Print every entry exactly as written and exclude all images.
******************************
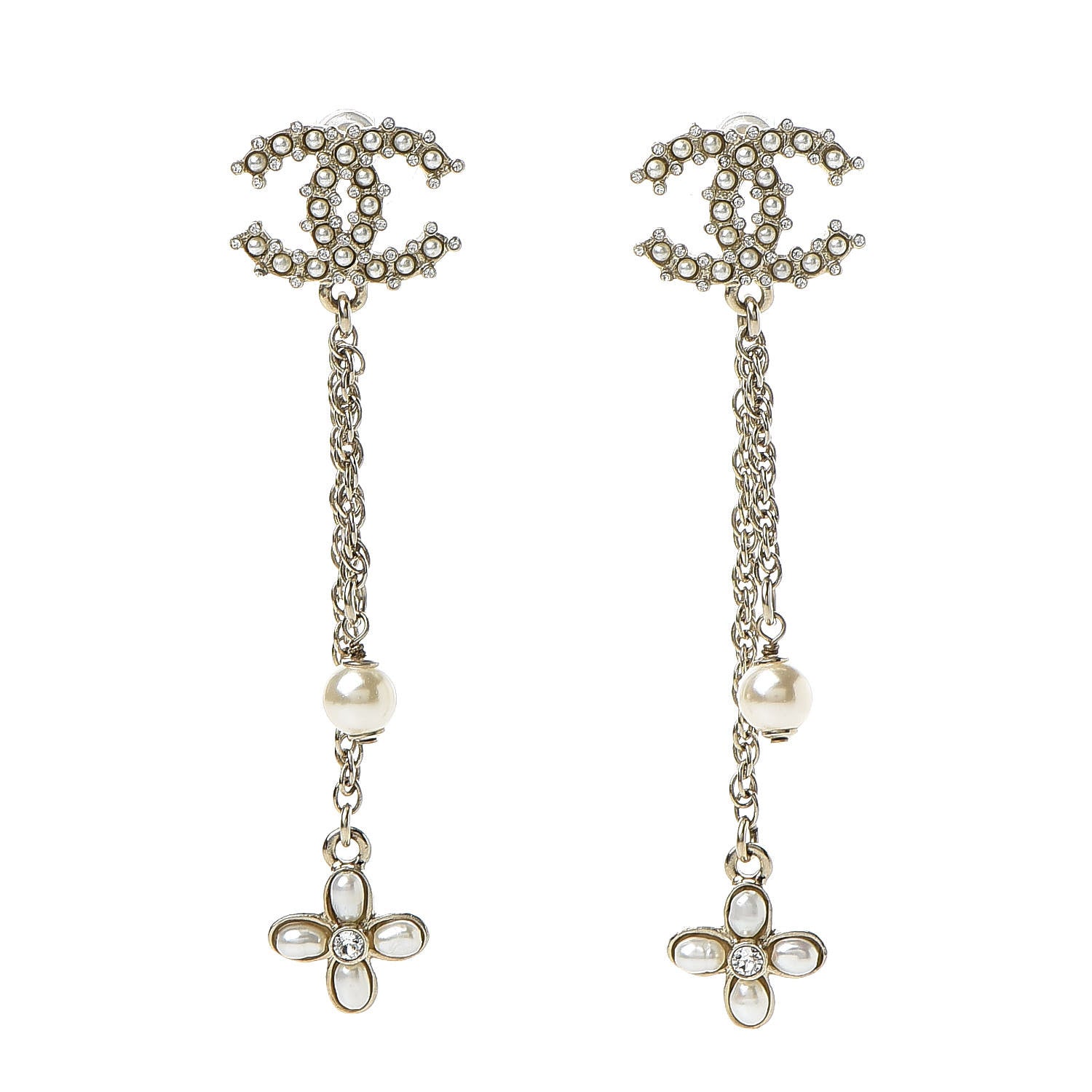 Chanel Pearl Chain Camellia CC Drop Earrings Pearly White Gold 1 of 5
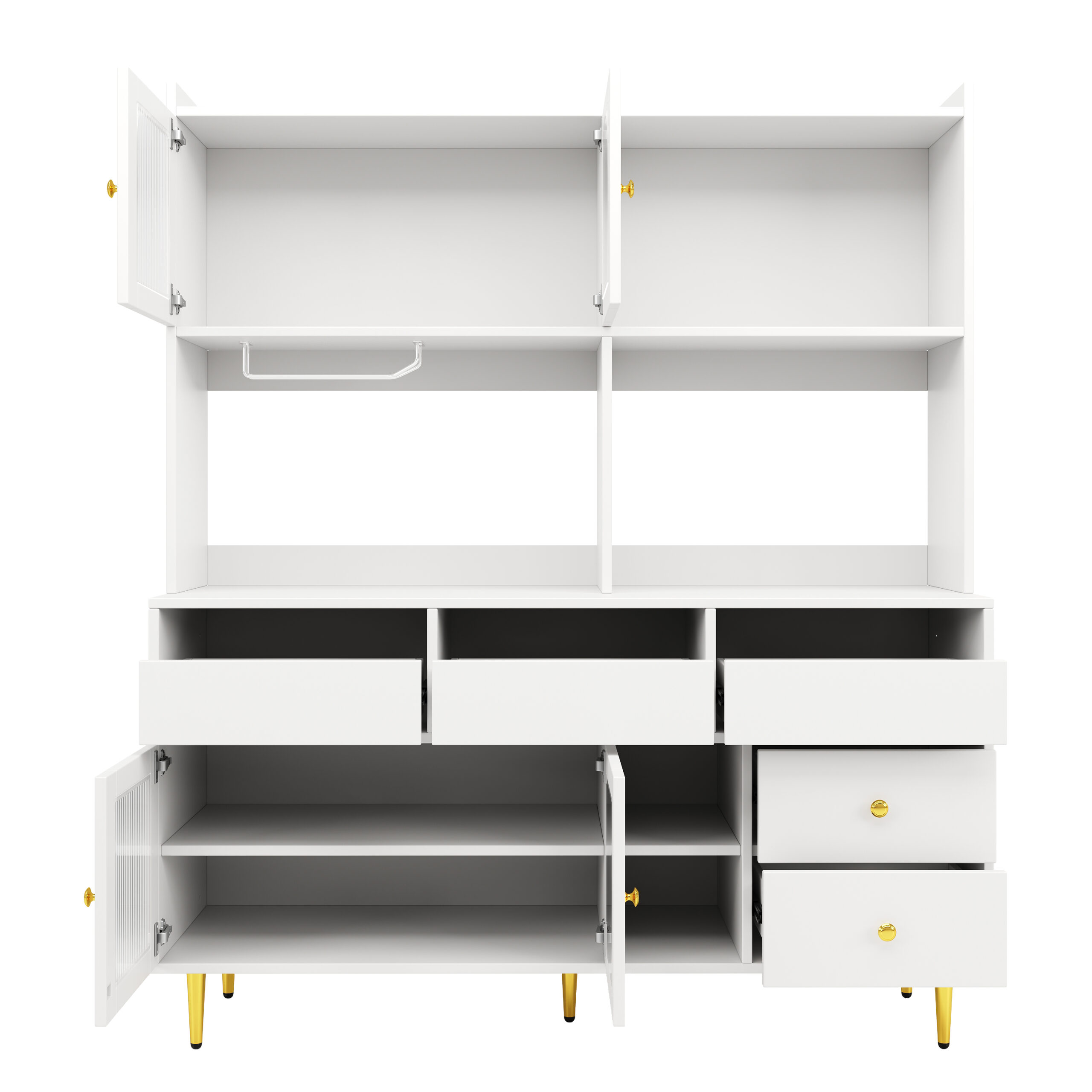 Multi-purpose Storage Cabinet145 X 39 X 171 Cm, Modern Design, With Changhong Glass Door, Wine Glass Holder, Multi-layered Storage Space, White With Gold Decoration, Suitable For Home And Restaurant - Image 13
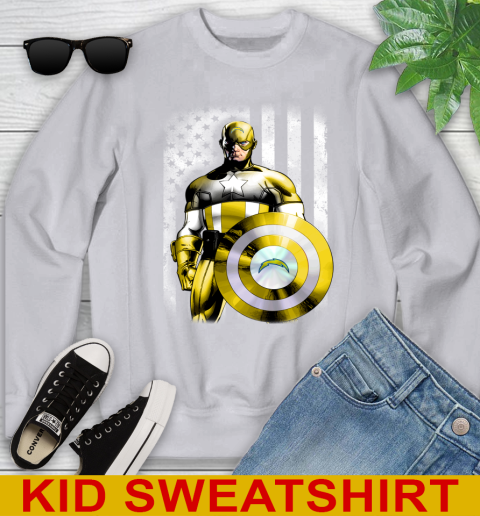 Los Angeles Chargers NFL Football Captain America Marvel Avengers American Flag Shirt Youth Sweatshirt 3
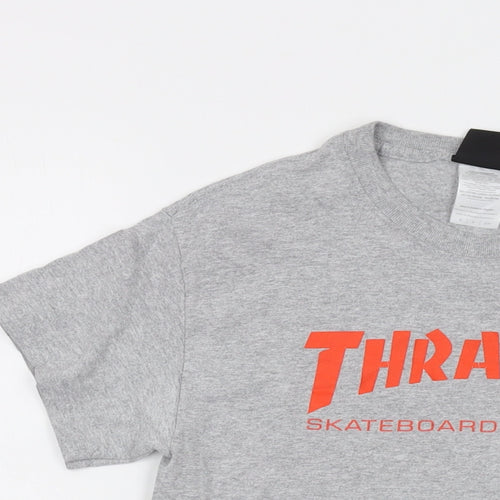 Thrasher Mens Grey Cotton T-Shirt Size S Crew Neck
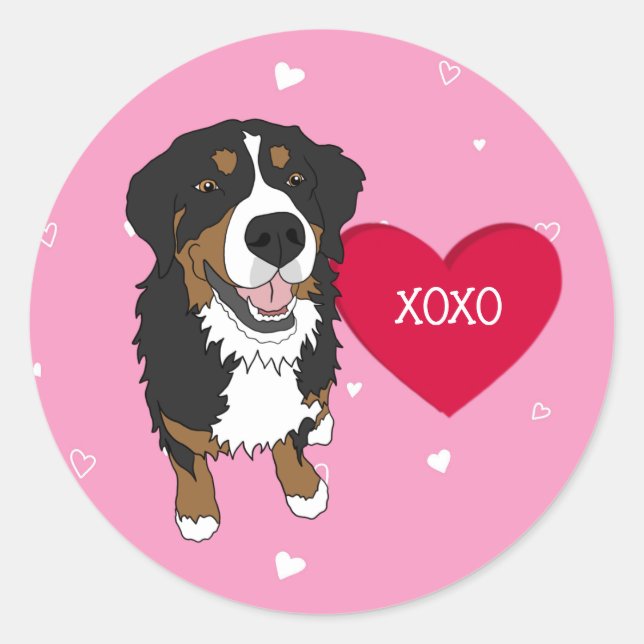 Bernese Mountain Dog Valentinstag Runder Aufkleber (Vorderseite)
******************************
Output:
 Chanel Pearl Chain Camellia CC Drop Earrings Pearly White Gold 1 of 5
 Multi-purpose Storage Cabinet145 X 39 X 171 Cm, Modern Design, With Changhong Glass Door, Wine Glass Holder, Multi-layered Storage Space, White With Gold Decoration, Suitable For Home And Restaurant - Image 13
 Los Angeles Chargers NFL Football Captain America Marvel Avengers American Flag Shirt Youth Sweatshirt 3
 Thrasher Mens Grey Cotton T-Shirt Size S Crew Neck
 Bernese Mountain Dog Valentinstag Runder Aufkleber (Vorderseite)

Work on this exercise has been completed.